REQUIRED WORK:
Line by line, repeat the material below exactly and skip the images.

DATA:
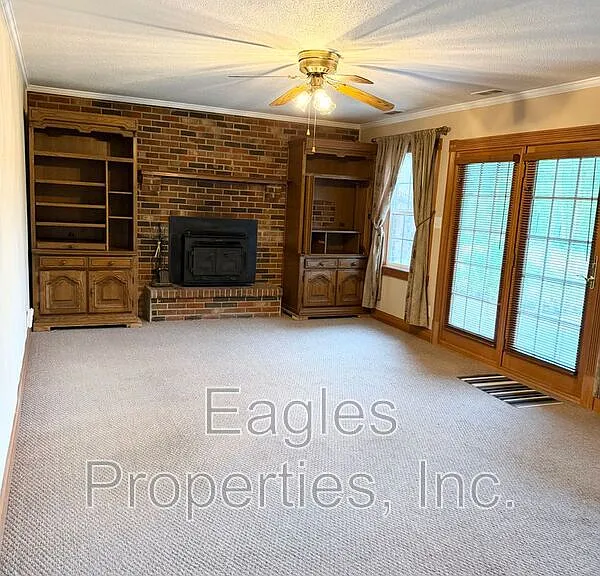 1380 Genoa Rd — Photo 2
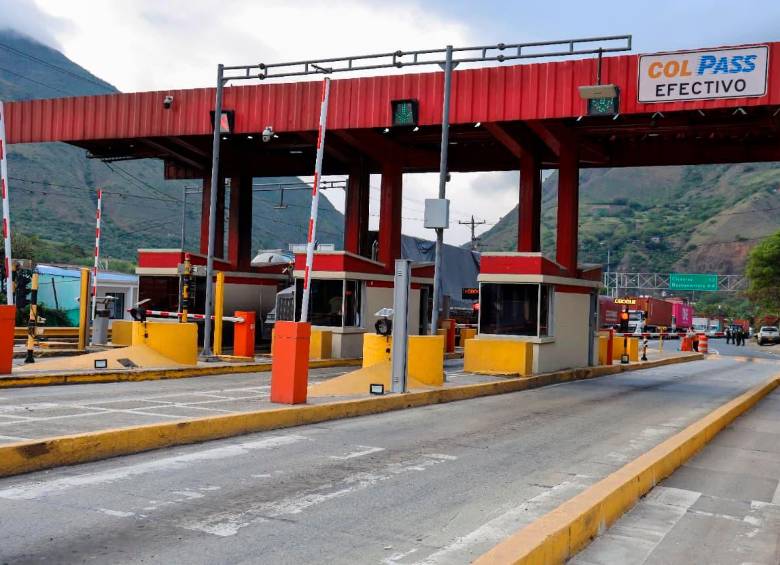 La ANI autorizó el paso sin cobro de peajes para maquinaria amarilla y vehículos que transporten ayuda humanitaria hacia las zonas afectadas por la emergencia sísmica. FOTO cortesía ANI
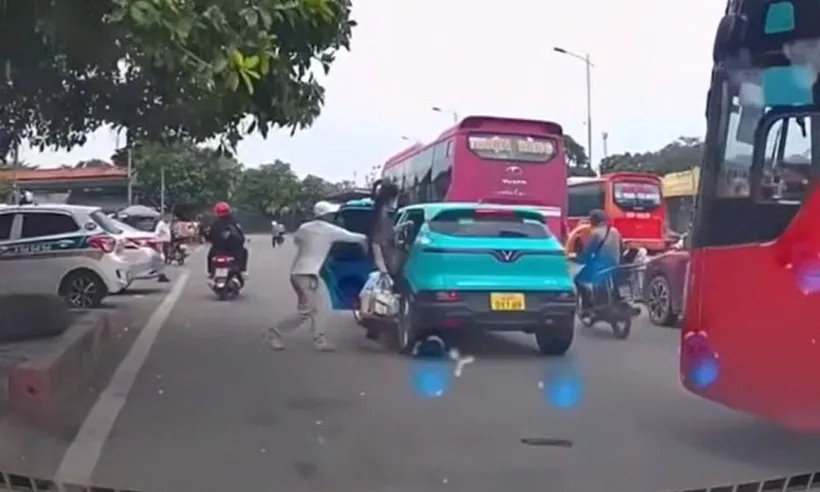 Công an vào cuộc vụ nhóm người chặn taxi công nghệ, đuổi hành khách ra khỏi xe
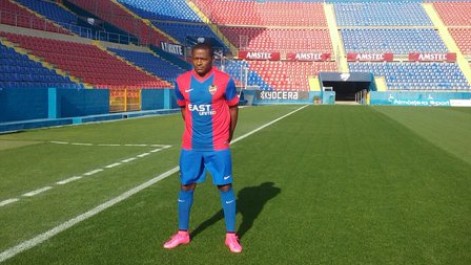 Presentaci�n de Mauricio Cuero con el Levante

THE COMPLETED TASK:
 1380 Genoa Rd — Photo 2
 La ANI autorizó el paso sin cobro de peajes para maquinaria amarilla y vehículos que transporten ayuda humanitaria hacia las zonas afectadas por la emergencia sísmica. FOTO cortesía ANI
 Công an vào cuộc vụ nhóm người chặn taxi công nghệ, đuổi hành khách ra khỏi xe
 Presentaci�n de Mauricio Cuero con el Levante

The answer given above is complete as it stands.